The downside is that they rely on lubrication from an oil charge that travels around the system with the refrigerant gas, and cannot be converted to run a separated oil sump. However, this can be addressed by using an air tool oiler to feed oil into the compressor intake to provide the necessary lubrication. To remove this oil from the compressed air output, a coalescing filter is used. These filters will remove both oil and moisture from the compressor’s output, ensuring only clean, dry air reaches the storage tank (and your tyres).

The upside is the compact size and shape of the Sanden compressor. In vehicles without Air Conditioning already fitted, it often is simply a matter of getting hold of the factory A/C mounting brackets and using them to mount the compressor as you would for Air conditioning. If A/C is already fitted, then it’s usually possible to mount the extra compressor off the side of the A/C compressor. This is what I did in my Tdi Defender.

So, first off, the schematic:


Here you can see both the air flow and electrical for my particular system.

The compressor draws air in through the oiler (to which I also attached a small cheap K & N type filter), which will add a small amount of oil to keep the internals of the pump happy.

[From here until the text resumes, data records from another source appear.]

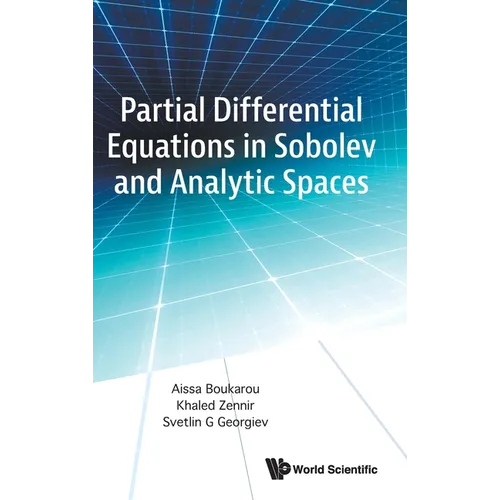 Partial Differential Equations in Sobolev and Analytic Spaces - Hardcover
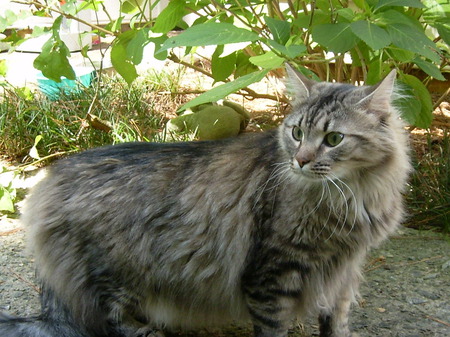 Blu :3 - concrete, bush, cat, outside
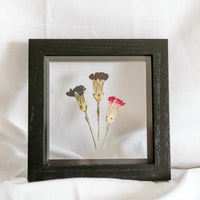 6x6 January birth flower frame - Carnations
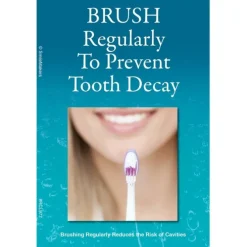 Brush Regularly Recall Cards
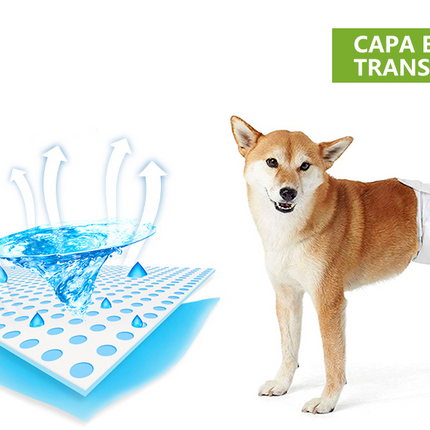 Pañales desechables para perros machos pañal sanitarios para perro mascotas bragas higiénicas suaves absorbentes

Compressed air is then sent via a coil of pipe (in my case aluminium, but copper would be good too), before arriving at the check (or non-return) valve. This will ensure that when the compressor isn’t pumping, the air in the tank will not flow back past the pistons and out through the intake line. The purpose of the coil of pipe is to function as a cooling line. The compressed air coming out of the compressor will get extremely hot, 150 deg C or more. At this temperature many of the downstream devices (filter, check valve etc) are a bit at risk because they contain some plastic parts. More importantly though, the filters function more effectively on cooler air and we don’t want oil getting past into the tyres.

Once past the check valve, the air passes through the coalescing filter which will remove the oil and any moisture present, before reaching the manifold. I’ve used a manifold arrangement simply as a convenient way of mounting the pressure switch, safety valve and feed for a pressure gauge in the engine bay.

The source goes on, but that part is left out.